Thirty four nations have officially adopted the target of eliminating malaria within 15 years. Now a paper has estimated that this could require around US$8.5 billion in sustained financing to 2030. “This costing is very conservative and assumes current levels [of elimination] would be maintained and that we would not have to change [disease control] methods,” Anthony Kiszewski, an epidemiologist at Bentley University, United States, tells SciDev.Net.
“Things could go wrong. They are already going wrong in Africa with drug and insecticide resistance. The target is constantly changing, so we may have to re-cost malaria elimination in a few years’ time,” Kiszewski warns. But without sustained efforts, even past gains could be reversed and malaria could resurge in areas of near-elimination. “Nature is adaptive,” says Kiszewski. “It is a race against time to achieve elimination.”
Under one, less-likely, scenario in the paper – involving greater use of long-lasting insecticidal bed nets – US$11.2 billion would be needed up to 2030 to get rid of the disease in the 34 countries with national goals to eliminate malaria. These include nations such as China and Thailand that have a high disease burden, but exclude Brazil, India and many African countries that are a long way from elimination.
The estimate comes at the start of a crucial period for malaria efforts. In May, the WHO is due to launch a global strategy for tackling the disease up to 2030. Discussions will also continue on including malaria elimination as a target of the proposed post-2015 Sustainable Development Goals (SDGs). Since 2000, eight countries have eliminated malaria, according to the WHO. The US$8.5 billion estimate assumes spending of around US$600 million a year for the next seven years, dropping thereafter, says another of the paper’s authors, Brittany Zelman, a policy analyst for the Malaria Elimination Initiative at the University of California, San Francisco, United States.
Despite a more than 18-fold rise in financing to tackle malaria from 2000-2011, particularly from the Global Fund to Fight AIDS, Tuberculosis and Malaria, global aid for malaria has since levelled off, she tells SciDev.Net. Zelman points to an uphill battle to sustain funding, noting a 20 per cent fall in funding for the 34 malaria targeting countries from the Global Fund as it shifted its focus to higher-burden, lower-income nations.
Around a third of the 34 malaria targeting countries will continue to qualify for Global Fund assistance.

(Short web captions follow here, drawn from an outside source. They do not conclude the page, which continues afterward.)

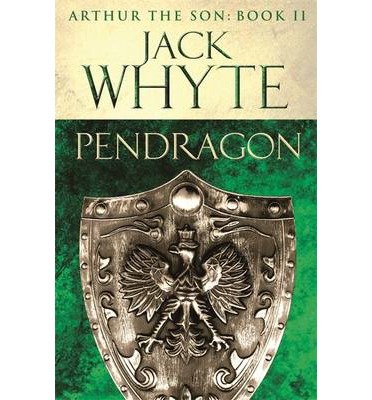[(Pendragon: Legends of Camelot 7 (Arthur the Son - Book II) )] [Author: Jack Whyte] [Jan-2014]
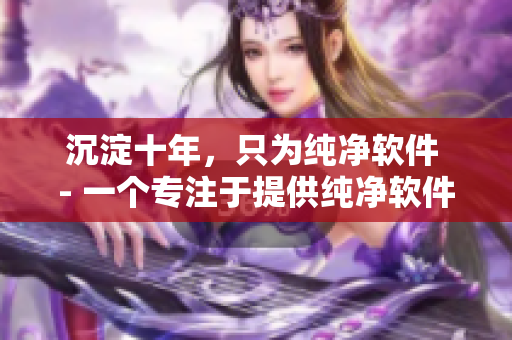 沉淀十年，只为纯净软件 - 一个专注于提供纯净软件的软件。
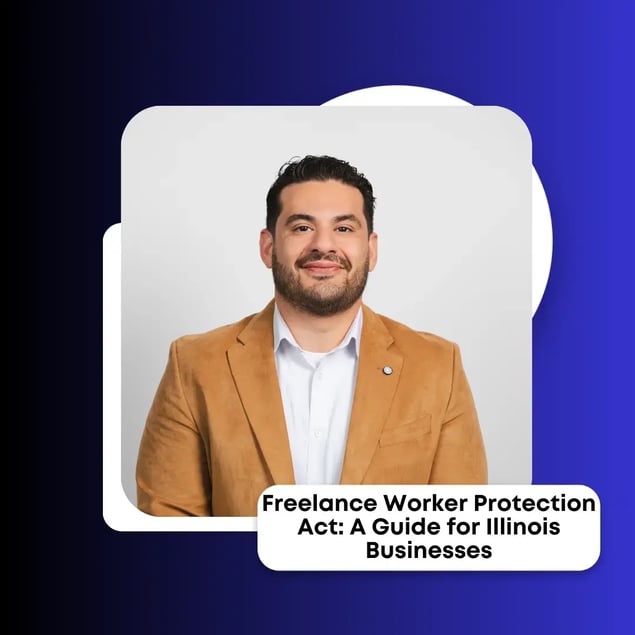 Freelance Worker Protection Act: A Guide for Illinois Businesses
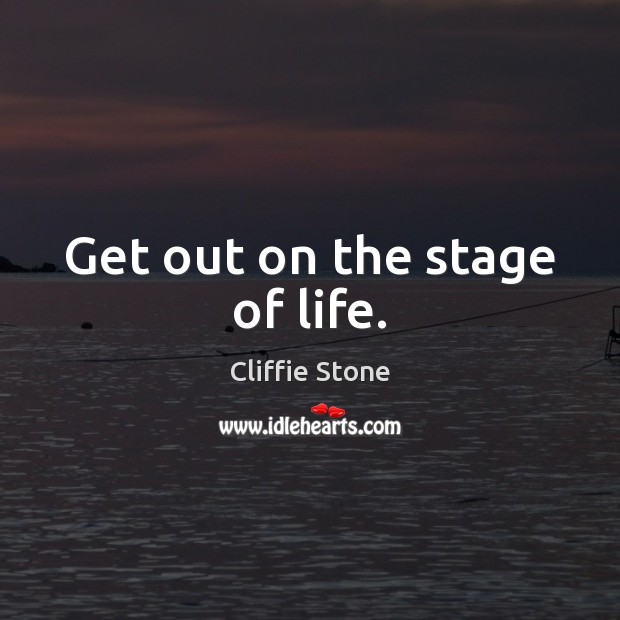 Get out on the stage of life. Cliffie Stone Picture Quote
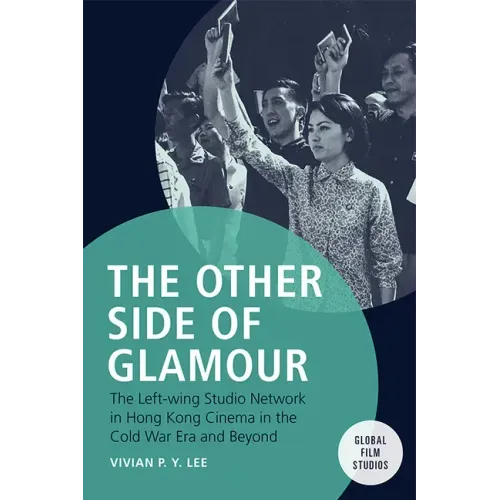 The Other Side of Glamour: The Left-Wing Studio Network in Hong Kong Cinema in the Cold War Era and Beyond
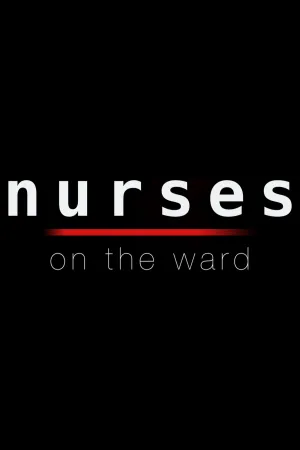Nurses On The Ward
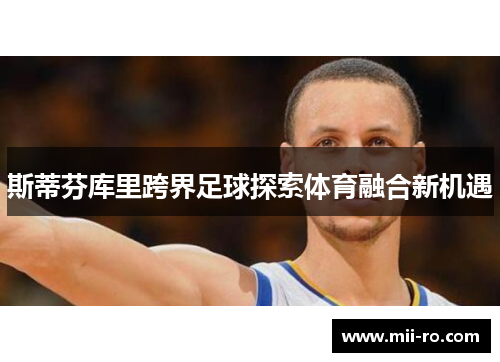 斯蒂芬库里跨界足球探索体育融合新机遇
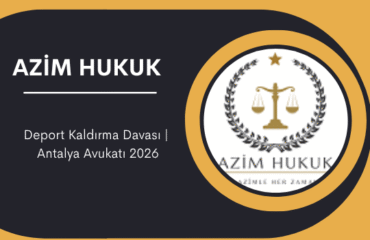 Deport Kaldırma Davası Antalya Avukatı 2026
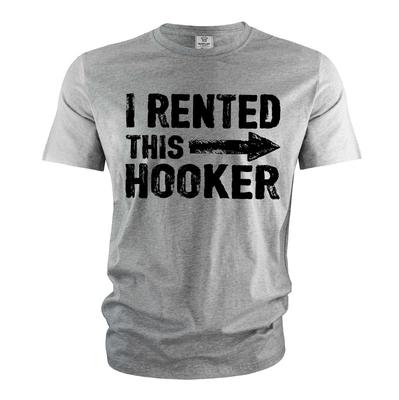 Men's Funny I Rented This Hooker T-shirt Offensive Humorous Joke Tee Shirt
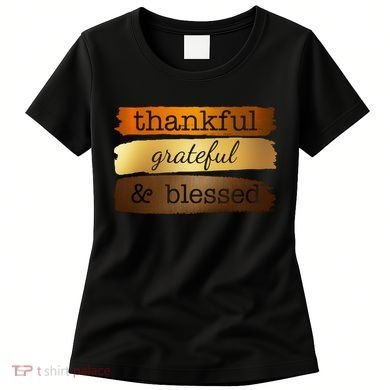 Thankful Grateful Blessed Thanksgiving Holiday Women's T-Shirt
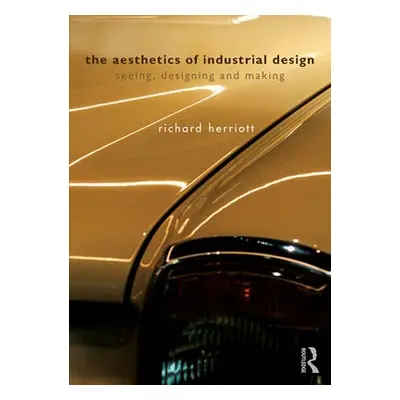 Aesthetics of Industrial Design - Herriott, Richard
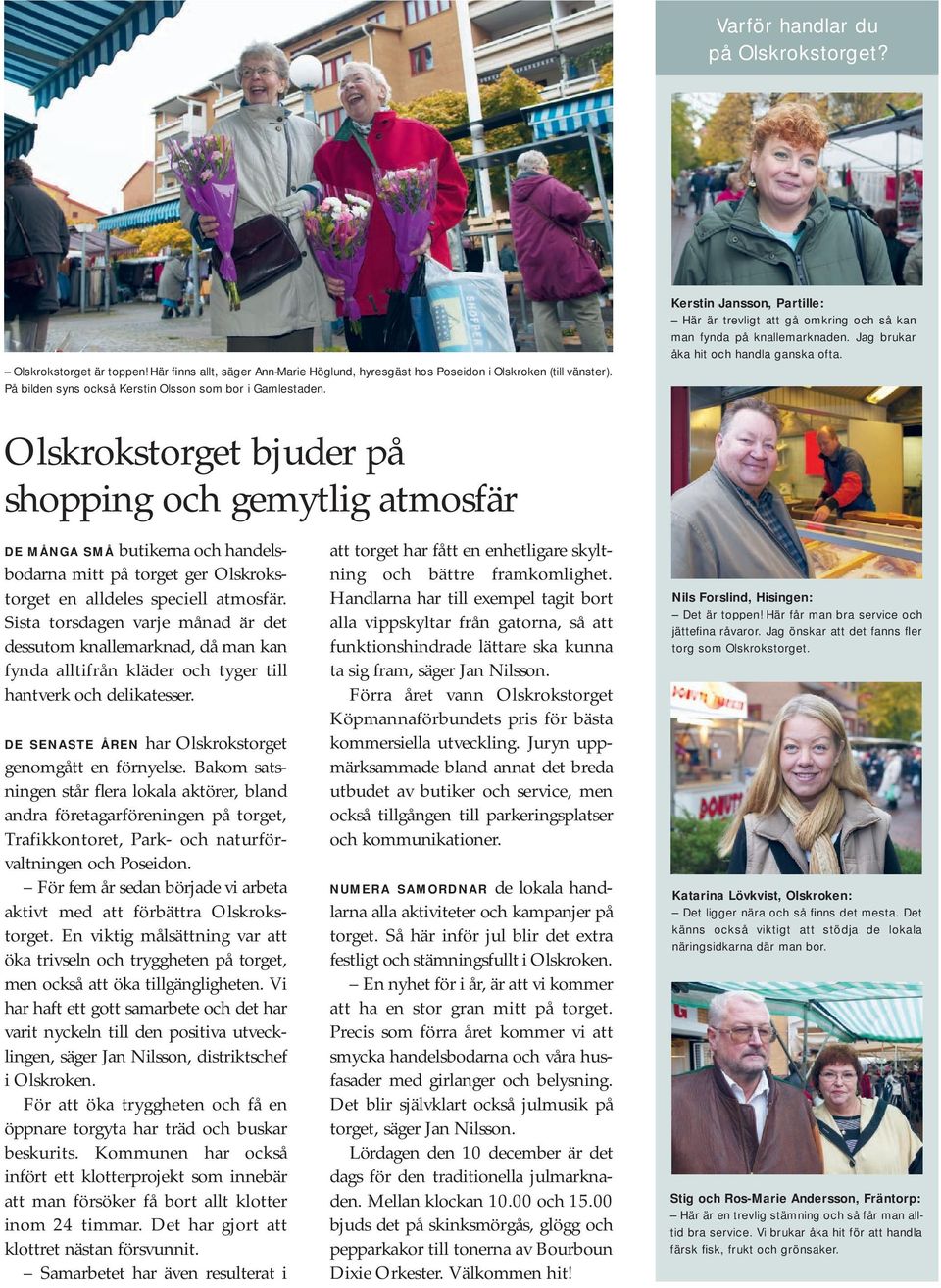 Olskrokstorget bjuder på shopping och gemytlig atmosfär DE MÅNGA SMÅ butikerna och handelsbodarna mitt på torget ger Olskrokstorget en alldeles speciell atmosfär.
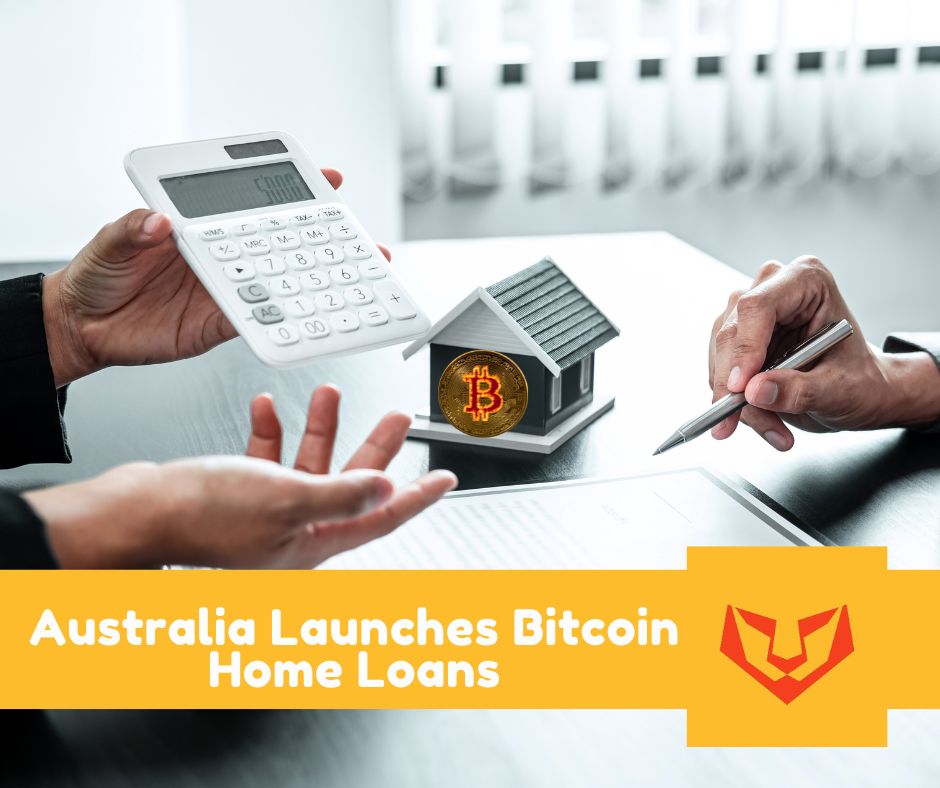 Australia%20Launches%20Bitcoin%20Home%20Loans.jpg
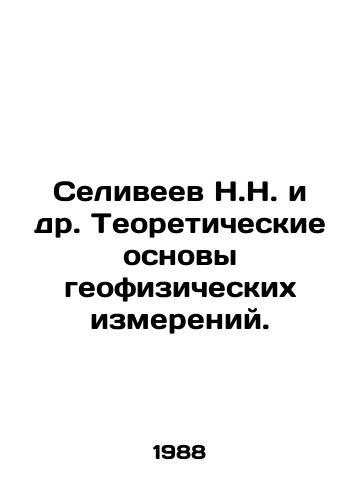 Seliveev N.N. i dr. Teoreticheskie osnovy geofizicheskikh izmereniy./N.N. Seliveev et al. Theoretical Basis of Geophysical Measurements. In Russian - landofmagazines.com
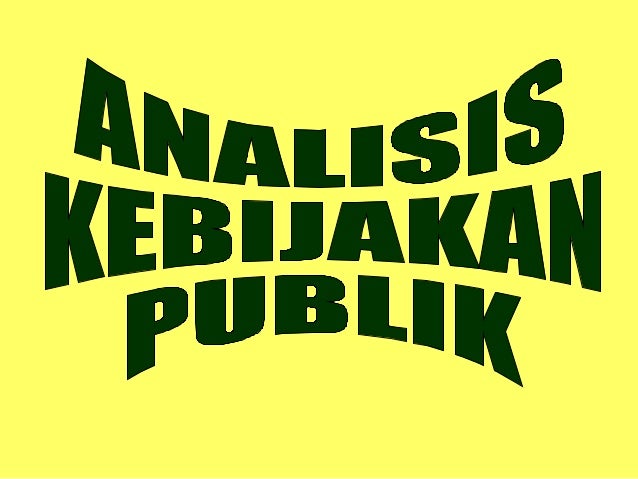 14098865 Analisis Kebijakan Publik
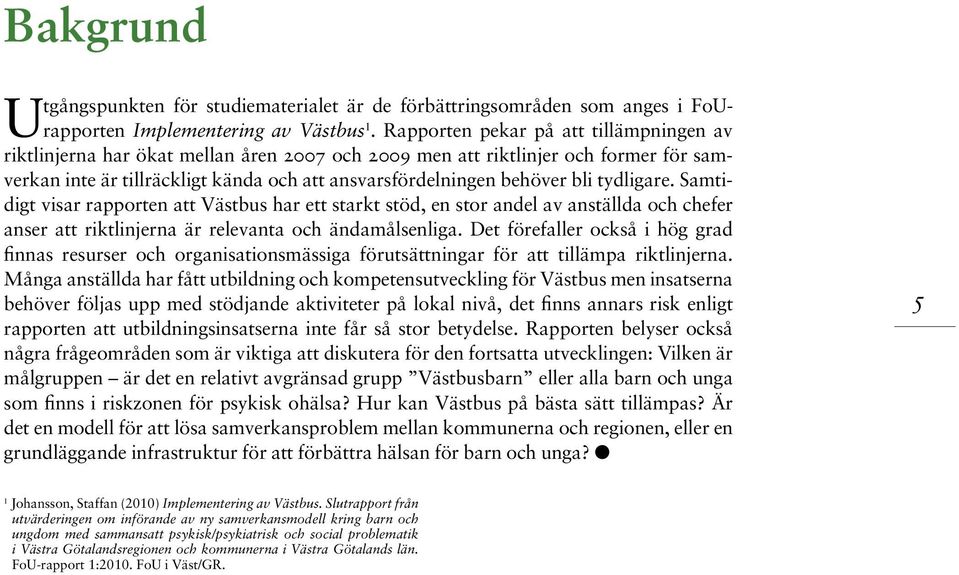 tydligare. Samtidigt visar rapporten att Västbus har ett starkt stöd, en stor andel av anställda och chefer anser att riktlinjerna är relevanta och ändamålsenliga.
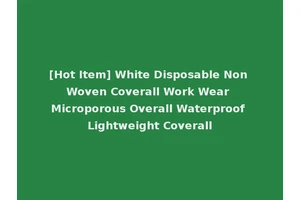 [Hot Item] White Disposable Non Woven Coverall Work Wear Microporous Overall Waterproof Lightweight Coverall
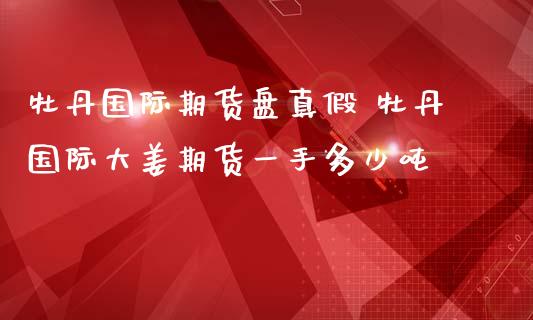 牡丹国际期货盘真假 牡丹国际大姜期货一手多少吨_https://www.zghnxxa.com_国际期货_第1张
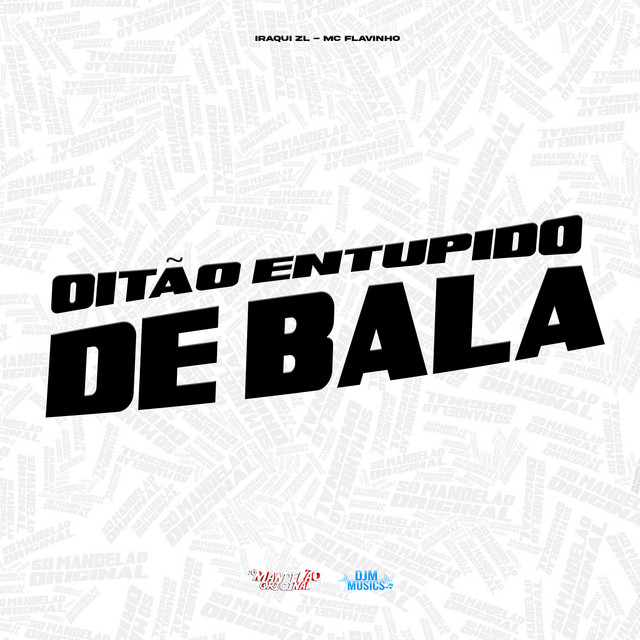 'Oitao Entupido de Bala' cover art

But this has left a funding gap in middle-income and lower-middle-income countries that are close to eliminating the disease, she says. “Decreasing funding to countries – even middle-income countries where 40 per cent of people at risk of malaria live – may hurt their ability to maintain progress towards malaria elimination,” Zelman says.
But Nick Chapman, senior analyst at Policy Cures, which offers analysis on neglected tropical diseases, says the funding estimates for the 34 malaria targeting countries only relate to the costs of running programmes targeting malaria and exclude malaria-related research and development. Such R&D could dramatically change the outlook for elimination, for example if it led to an effective vaccine.
In 2013, Policy Cures estimated the overall funding needed for malaria elimination and eradication R&D at around US$335 million yearly, rising steadily to around US$450 million a year by the end of the decade, with slower growth after 2018. “R&D benefits aren’t country-specific, so this goes beyond the eliminating countries,” he tells SciDev.Net.